AUDAEANS: A sect that took its rise and name from Audaeus, a native of Mesopotamia, who was banished to Scythia in 338 and died about 370 in the country of the Goths. He incurred the enmity of the clergy by censuring their luxuries and vices.
The Audaeans held that God has a human form, and taught erroneous opinions concerning the administration of the Sacrament of Penance.

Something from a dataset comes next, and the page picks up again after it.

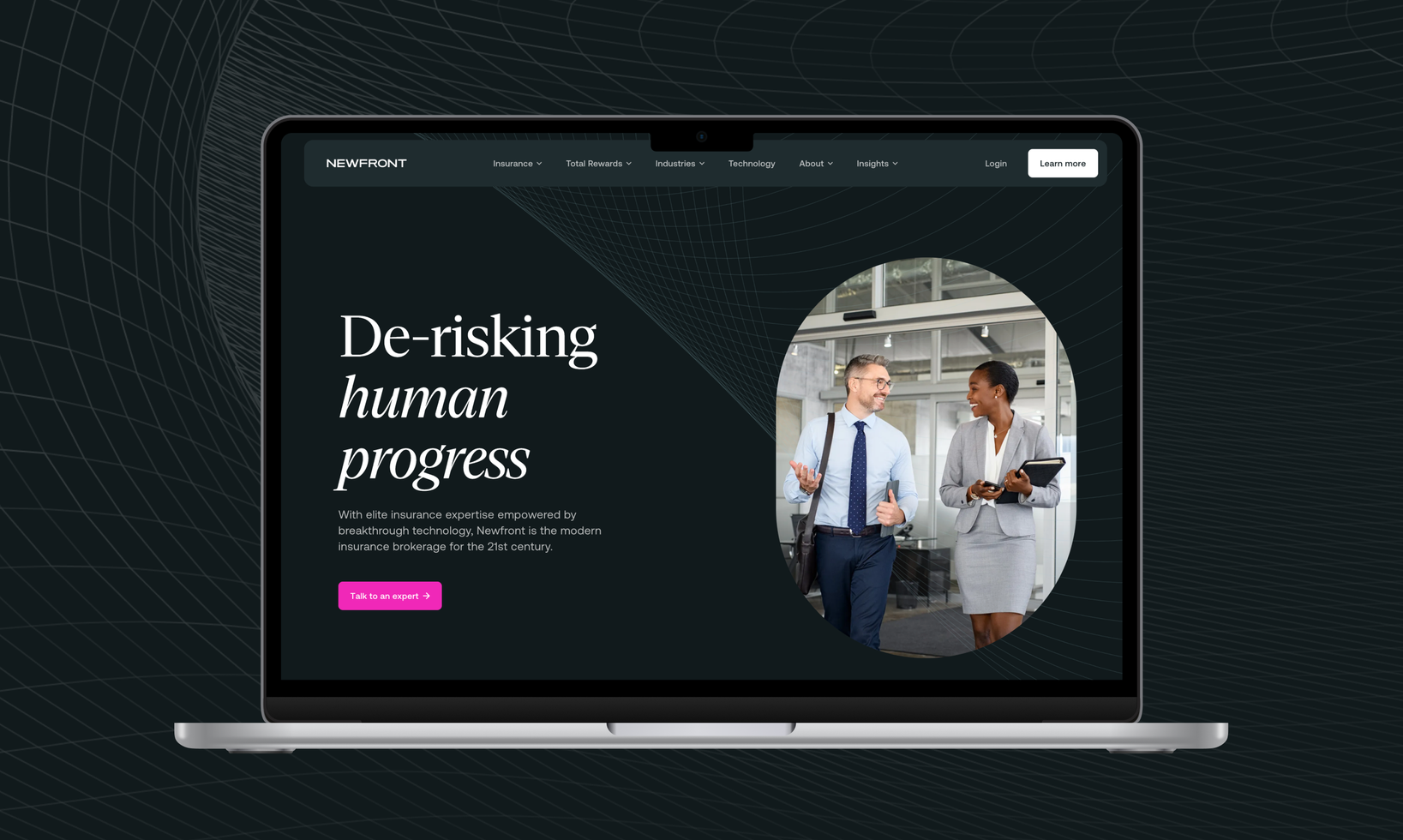 Decoupling Newfront's website for marketing efficiency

ARIANS: The strongest heretical sect with which the early Church had to contend. Its leader was Arius, an Alexandrian priest, theologian and controversialist. Arius was ordained deacon by Peter, Bishop of Alexandria, but was subsequently excommunicated by him for joining in with the Meletian schism. He later repented and was restored, being advanced to the priesthood and given sole charge of a Church. After some time he was excommunicated again for his heretical views. He was a rigorous ascetic, a persuasive speaker and ardent propagandist. Tall, gloomy, fanatical, with down-cast eyes and tangled hair, he went about singing his doctrines, which he had set to the music of the theaters. Before long they were being sung by priests, boatmen, bakers and all sorts of people. The first ecumenical council, that of Nicea, was convened to condemn the heresy. Arius was banished to Illyria but later succeeded in returning in order to replace Athanasius, his chief opponent, as Bishop of Alexandria, but the popular up-roar did not allow him actually to do so. He died in his errors.
The Arians denied the divinity of Christ, and taught that God the Son was not eternal, Christ being made the partaker of the divine nature as a reward for the work of the redemption.
MACEDONIANS: The followers of Macedonius, who was intruded into the See of Constantinople by the Arians (342), and enthroned by Constantius, who had for the second time expelled Paul, the Catholic Bishop. Macedonius is known in history for his most cruel persecution of the Catholics and Novatians. Subsequently he fell into disgrace. Constantius caused him to be deposed and succeeded by Eudoxius in 360. He died about 364.
The Macedonians denied the divinity of the Holy Ghost.
MASSALIANS: A sect founded by a native of Mesopotamia named Adelphus.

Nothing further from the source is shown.